Plastik in der Salami

von Redaktion

Rückruf zweier Wurst-Produkte

Trostberg/Rosenheim – Die möglicherweise mit Plastikteilen verunreinigten Salami-Wurstwaren des Trostberger Unternehmens Chiemgauer Naturfleisch (wir berichteten) sind unter anderem an Biomärkte in den Landkreisen Rosenheim, Traunstein und Mühldorf geliefert worden. Das bestätigte der Hersteller auf Anfrage der OVB-Heimatzeitungen. Normale Supermärkte hingegen bieten nach Angaben von Dino Wirth, Marketingleiter bei Chiemgauer Naturfleisch, keine Produkte des Trostberger Bioherstellers an.

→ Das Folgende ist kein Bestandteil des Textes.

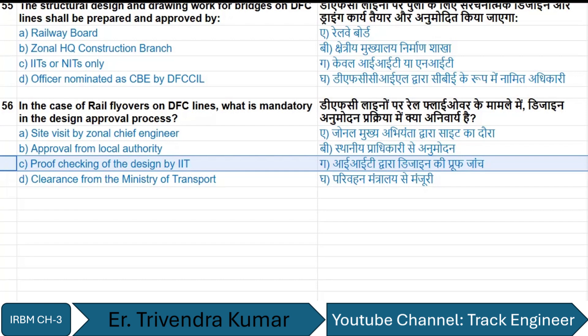We have completed 56 questions from this chapter. These questions will help you crack questions in your upcoming examinations — whether it is bridge JE, SSC bridge, or ANS exams. Thank you for watching this video; we will meet in the next video on another topic.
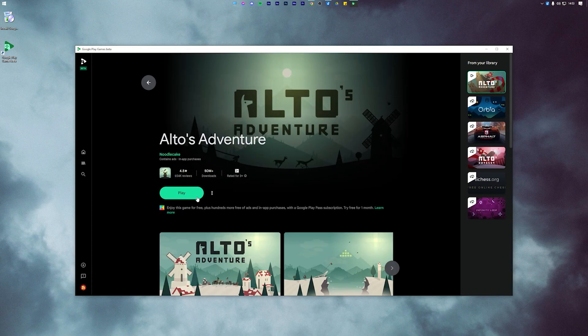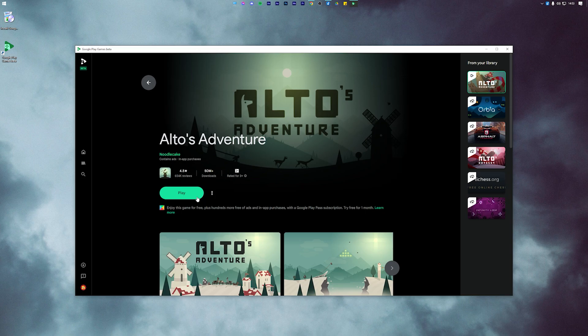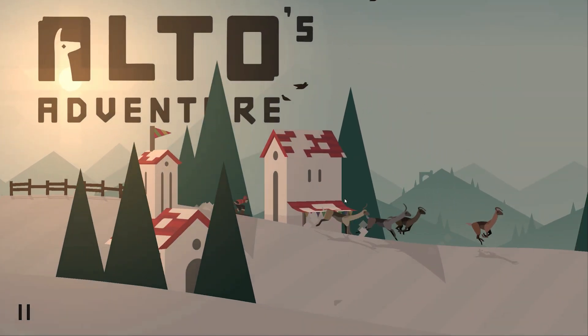And that's pretty much it. You can now download any Android game on your PC and play it without using any emulator.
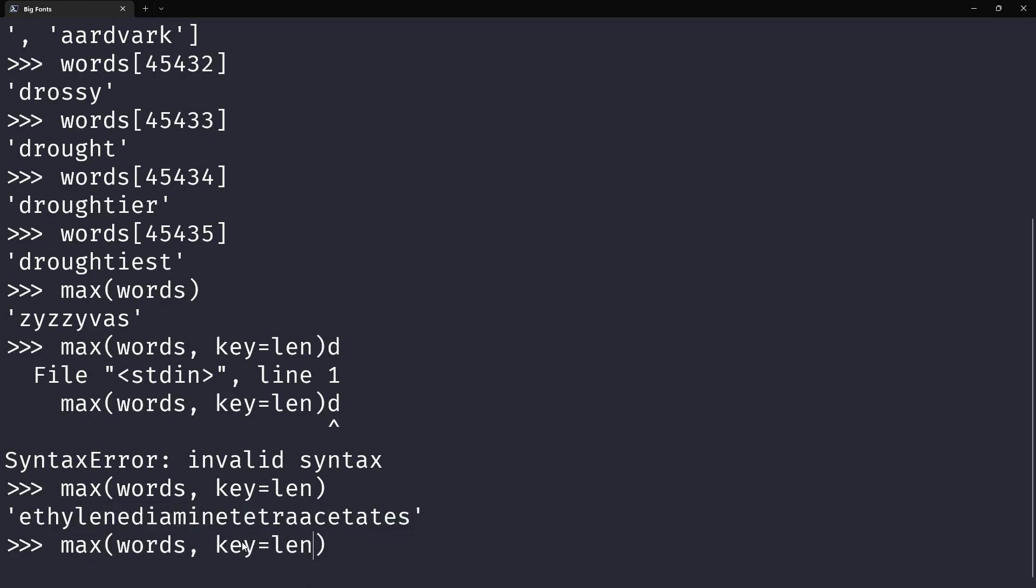And obviously, you can use, well, depending on the list you have, you can use different keys to find different types of maximums.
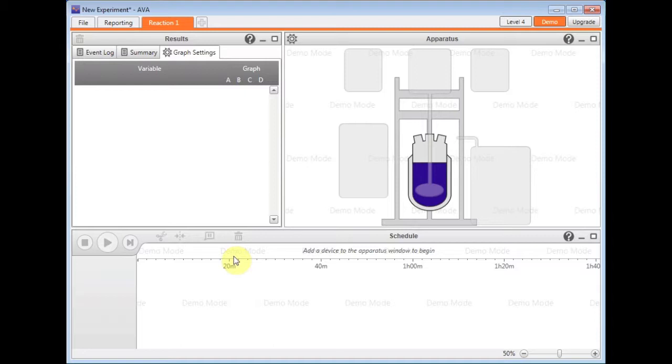I'm in demo mode here, as you can see at the top. This gives me access to all configurations and devices which enables me to evaluate the AVA software without need for either a license or the equipment to be plugged in.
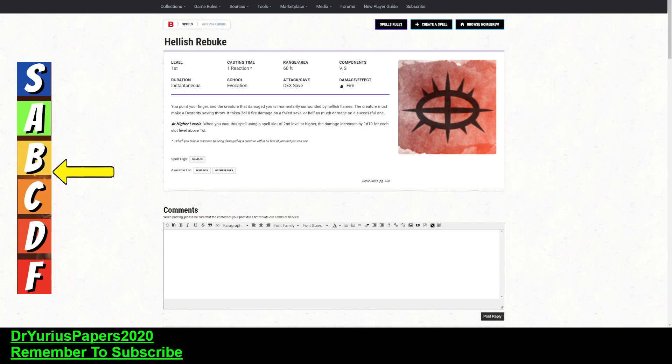It's a Dex save, which is not the best of the saving throws, but it's the best one of the physical saving throws that you want.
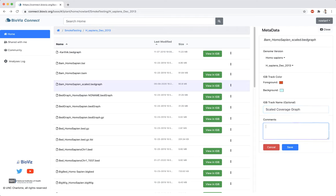The comment section can be used to provide additional information about the file. However, comments are not visible from within IGBI. Once you are finished adding or editing metadata, make sure to save your changes.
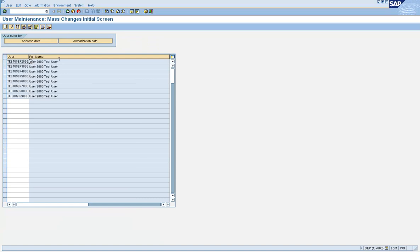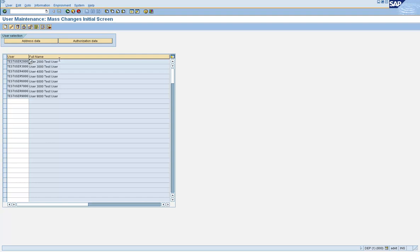So using SU10, as you saw, you can perform user administration tasks on a group of users. The key point in SU10 is that the activity you are performing has to be common for the entire group. Secondly, there are certain activities you cannot do using SU10 — for example, you cannot reset passwords, copy user IDs, or rename user IDs using SU10. For all these three activities, you either create a CAD script or use SU01 to perform those tasks.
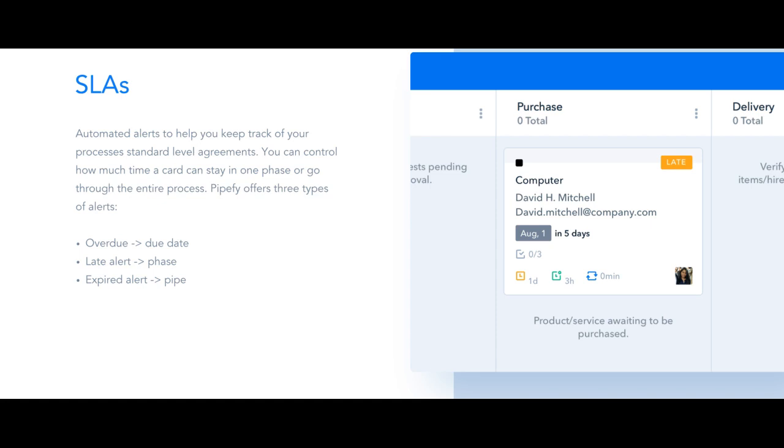Contrarily to the late alert, the expired alert is related directly to your Pipe settings because it concerns the amount of time a card can spend in your entire Pipe.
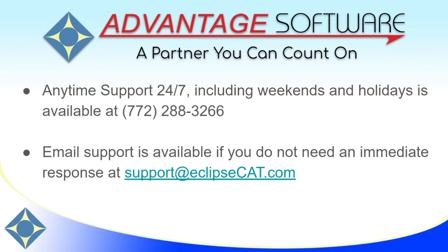If you have questions about creating users or user management, please don't hesitate to contact us. Advantage Software offers anytime support 24-7. Tech support can be reached anytime, including weekends and holidays, at 772-288-3266. Email support is additionally available at support at eclipsecat.com.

Betroffen sind zwei Produkte: Die Rindersalami (geschnitten, 65 Gramm) mit den Chargennummern BEGZH (Mindesthaltbarkeitsdatum 10. bis 13. November) und BEHHD (Mindesthaltbarkeitsdatum 13. bis 15. November) sowie die Edelsalami (Stange, circa 150 Gramm) mit den Chargennummern BEDWK (Mindesthaltbarkeitsdatum 24. bis 25. Oktober) und BEEPT (Mindesthaltbarkeitsdatum 25. Oktober bis 5. November). Wie viele Einzelprodukte die zurückgerufenen Chargen umfassen, dazu wollte sich das Unternehmen nicht äußern.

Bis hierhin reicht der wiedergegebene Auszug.